About the job
About the Role
We are seeking a talented AI Researcher specializing in training optimization to enhance the efficiency, stability, and scalability of large-scale model training. This role involves working at the intersection of research and systems, where you will innovate techniques to lower training costs, speed up convergence, and enhance model quality—all while validating your concepts through rigorous experiments and publications.
This position is perfect for individuals who thrive on transforming research insights into actionable training improvements and have a proven track record (or strong aspiration) of publishing applied machine learning research.
Key Responsibilities
- Design and assess training optimization techniques for large-scale models, including optimization algorithms, schedulers, normalization methods, and curriculum strategies.
- Enhance training efficiency and stability for extended runs and vast datasets.

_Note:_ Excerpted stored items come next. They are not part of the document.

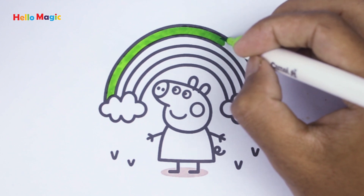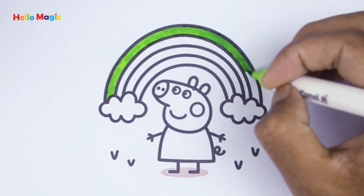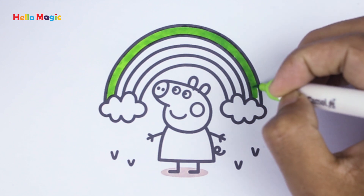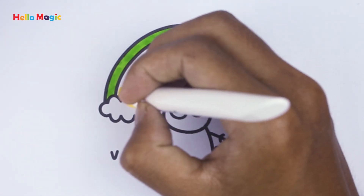J, K, L, M, N, O, P, Q, R, S, T, U, V, W, X, Y, and Z. Now I know my ABCs. Next time won't you sing with me?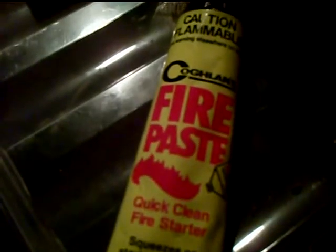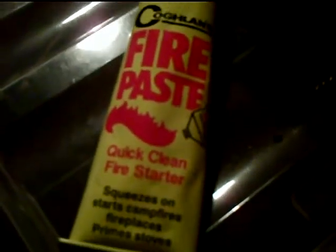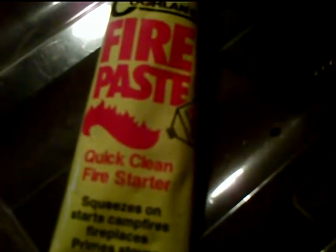You should always practice with your fire steel and things like that, but when you can, bring a lighter and matches. When those things don't work, use your fire rod and fire steel — but you have to practice to use them right.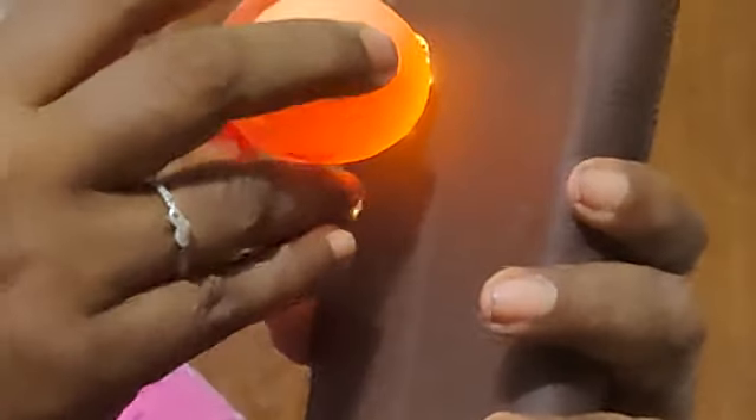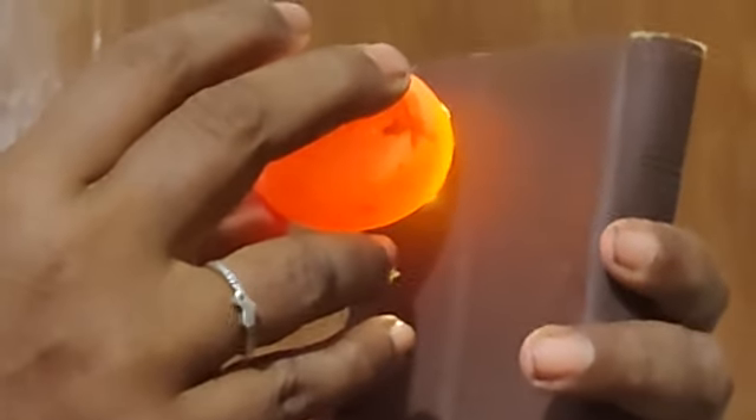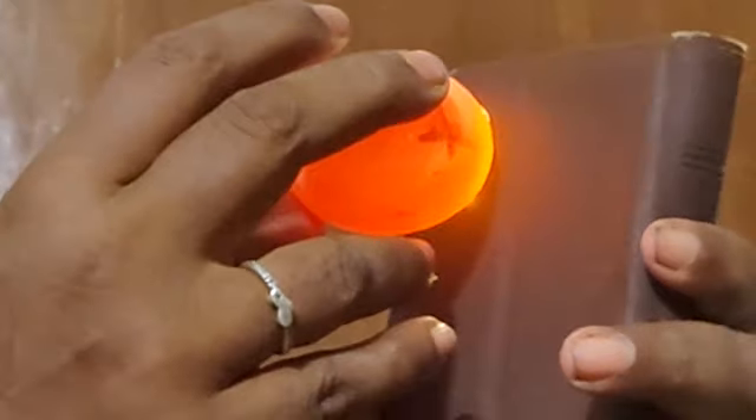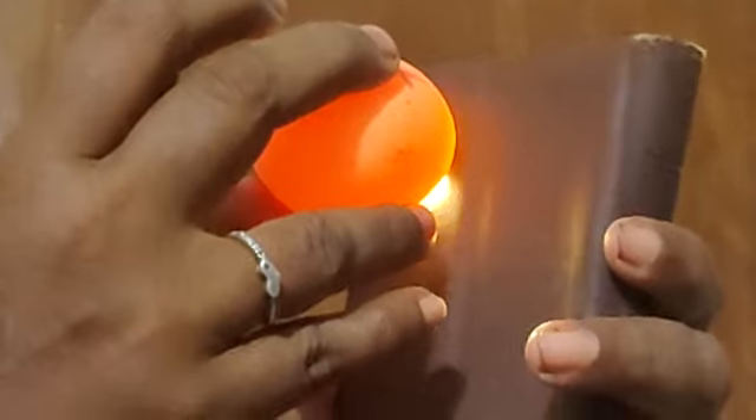The orange juice is red. The orange juice is roasted in the orange juice. If you add the orange juice, the orange juice is roasted. I'm using this orange juice.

- Research and implement advanced methods such as:
- Innovations in optimizers and schedulers
- Mixed-precision, low-precision, and memory-efficient training solutions
- Gradient noise reduction, scaling laws, and convergence analysis
- Training-time regularization and robustness techniques
- Conduct large-scale experiments, analyze the results, and convert findings into practical improvements.
- Author or co-author research papers, technical reports, or blog articles.
- Collaborate closely with infrastructure and inference teams to ensure that training decisions yield real-world performance benefits.
Qualifications
- Strong foundation in machine learning research, particularly in training dynamics and optimization.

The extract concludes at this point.